WHAT TO PRODUCE:
From the data that follows, set down exactly the lines from the one with "2021 TESLA Model Y" through the one with "Proyek Terpadu Ciputra", counting both. Pictures stay out.

DATA SUPPLIED:
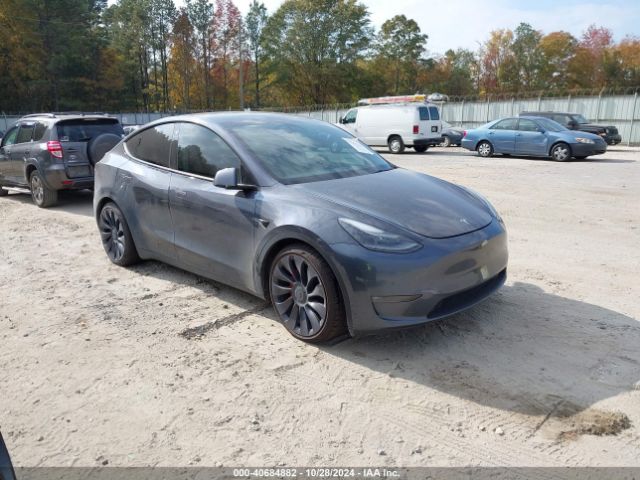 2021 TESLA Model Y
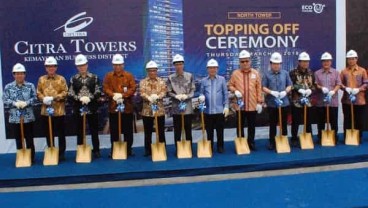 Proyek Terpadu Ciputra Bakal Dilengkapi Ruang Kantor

...

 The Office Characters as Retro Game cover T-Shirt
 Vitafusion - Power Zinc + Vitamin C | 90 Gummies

RESPONSE TO THE EXERCISE:
 2021 TESLA Model Y
 Proyek Terpadu Ciputra Bakal Dilengkapi Ruang Kantor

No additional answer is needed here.